There seems to be change afoot in the world of corporate registries and how they hold and display addresses for directors.  A small change at this point but one we expect to gather momentum.

Historically registries required companies to provide full residential address for directors.  The addresses are normally required upon incorporation, at the time of lodgment of an annual return and frequently trigger the lodgment of an update when the director changes residential address.

This address is commonly then entered into the public register.  In a modern world where public registries are easily accessed online this publication of private information seems surprisingly out of step with individual privacy.

There are not too many places where one can go and find the private address of individuals online so easily.

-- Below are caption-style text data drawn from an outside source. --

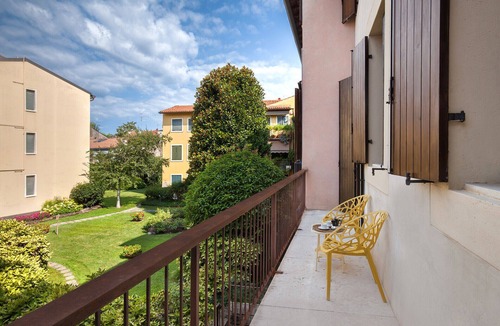 San Zeno Apartment | Il Gladio - San Zeno
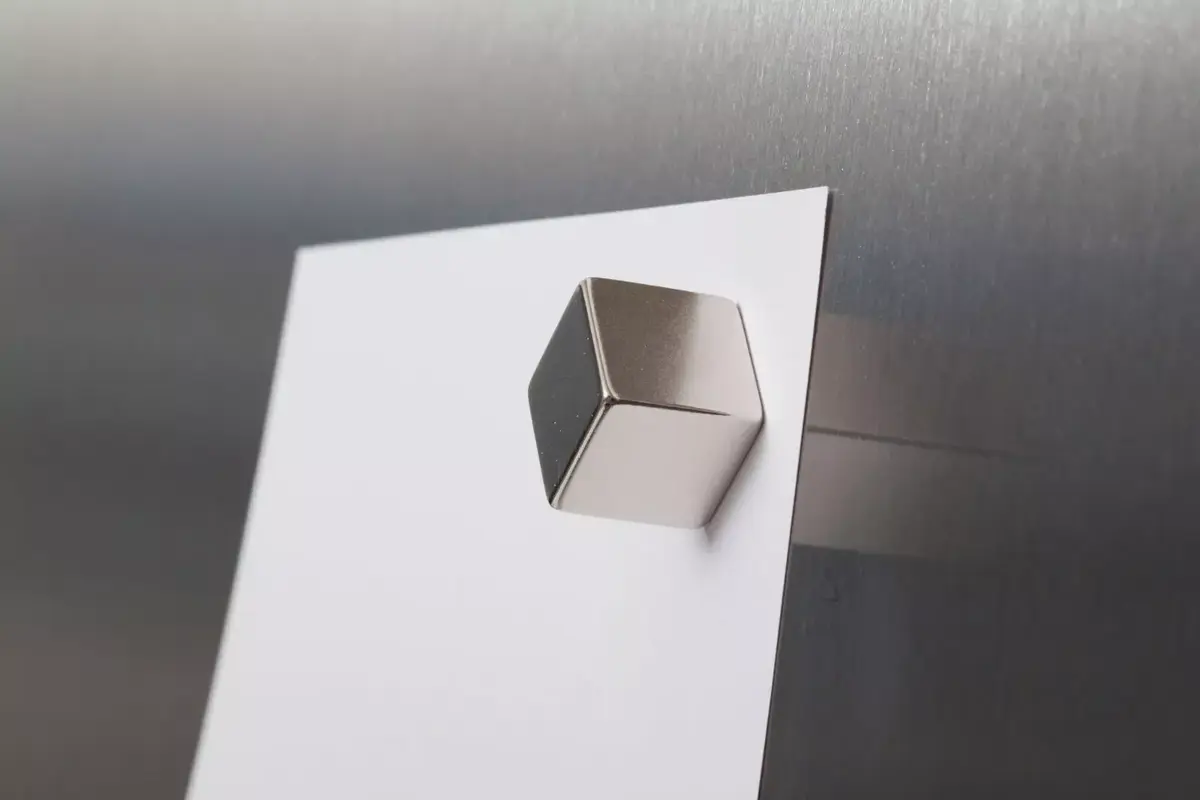 Dēļa magnets MAUL 6169496 Photo 4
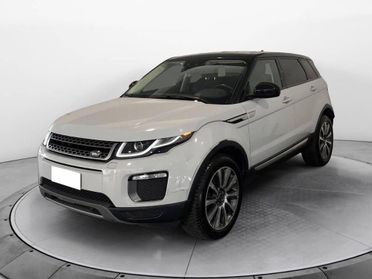 Land Rover Range Rover Evoque 5 Porte 2.0 TD4 SE Auto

The United Kingdom changed this requirement with the introduction of the Companies Act 2006. UK Companies have to keep two registers of directors.  The first is a register of directors, which will contain all the directors’ particulars except for the residential address and the second a register of directors’ residential addresses.

Companies must inform Companies House of both addresses for each of its directors. Companies House puts the service address on the public register, but keep the residential address secure and only allows certain people to see it.

Where the two addresses are the same for a director, the company can enter the service address in the register of directors, and simply enter “same as service address” in the register of directors’ residential addresses.

Corporations Canada, the Federal companies register has recently introduced a similar amendment to the Canada Business Corporations Act, the Canada Not-for-Profit Corporations Act and the Canada Cooperatives Act.

The amendment enables the provision of  an address for service other than a residential address for directors.

Corporations Canada advises that an address for service is an address where legal documents can be delivered, and must be accepted by the director or someone on their behalf, and where an acknowledgement or delivery receipt can be provided, if required. As with the UK an address for service can be the residential address of the director or a business address.

There are two advantages we can see in this approach.  One obviously relates to privacy, it allows directors to keep their residential address private and off public registers.

The second relates to integrity.  It is clear that in order to keep residential addresses private (for legitimate reasons such as personal safety) directors have been known to provide other addresses.  With an approach such as that taken by the UK directors are more likely to provide accurate information to the registry when they know how this information will be used, that is the residential address will be held privately by the registry and the address for service displayed to the world.

The UK provisions make it clear that the directors’ residential address can be share with specified agencies, typically enforcement agencies.

Modern registries make it easy to manage these lodgments.  Catalyst BR allows either the director or their agent along with the registry to update the changes and manage the privacy and visibility rules simply.

We expect that more registries will adopt provisions similar to those in the UK and Canada.